The new video "MotoGP™ Explained: Racing in #MotoGP"
by Crafar may already be the beginning of a "Drive to Popularize" shift towards simplistic/basic coverage for the new people coming with the "MotoGP Unlimited" show. As has been said, it is good thing in general for the sport, the show is going to be great, AND get ready for a rise in dull dumbed down coverage for new fans.
https://m.youtube.com/watch?v=ggeuEdcrQpk

News bit, Ciabatti just spoke of Miller to Pramac. Not a surprise, just interesting that it is already being expressed.

Ducati is ALREADY deflecting questions about their nearly litre bike twin dominating Supersport. Only data? Bulega testing blasted the lap record at Portimao by close to a second. Duc brass? "Yamaha is the favorite" because experience. What do you think? I think it is Duc. The neutering via electronics and rev limit should be on quick arrival. Looking fwd to it, good riddance depressing R6 Cup. (Go Triumph triple!).
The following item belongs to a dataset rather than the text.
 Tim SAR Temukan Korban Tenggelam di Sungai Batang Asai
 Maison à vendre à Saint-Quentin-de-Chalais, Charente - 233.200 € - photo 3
Most should skip this. Should you be a glutton for punishment or wish to see the disgusting stuff we managed to skirt here, Google "Greg Norman Saudi golf league" and see the horror. (Norman = Rossi here). Another American golfer Phil Mickelson just criticized both the Saudi regime and the PGAssociation in an interview, and was sanctioned by the PGA AND immediately lost his unrelated main sponsor over the one brief quote. Super creepy ugly stuff! The Totalitarian machine is reaching into the lives of the people in the sport and abusing them. It impacts the whole sport. Simple point? It really WOULD have been bad in real ways, not just moralizing panties in a bunch, so let's count ourselves very lucky.

The Countdown to 2022 has kicked off!

2 min 20 sec "Countdown to 2022" video is both cool and a tone shift, again "Drive to Popularize?" Maybe. Good fun watch.
https://m.youtube.com/watch?v=zOdFRBd6Etc

Michelin's quick teaser video is good old fun.
https://m.youtube.com/watch?v=ugEthhKxiU0

Circling back, here is the first brief video out from Amazon (btw, I boycott them - never spending a penny for Bezos and that is right for me...will get Unlim free). It looks really cool! Humorous and more/better coverage than we are used to.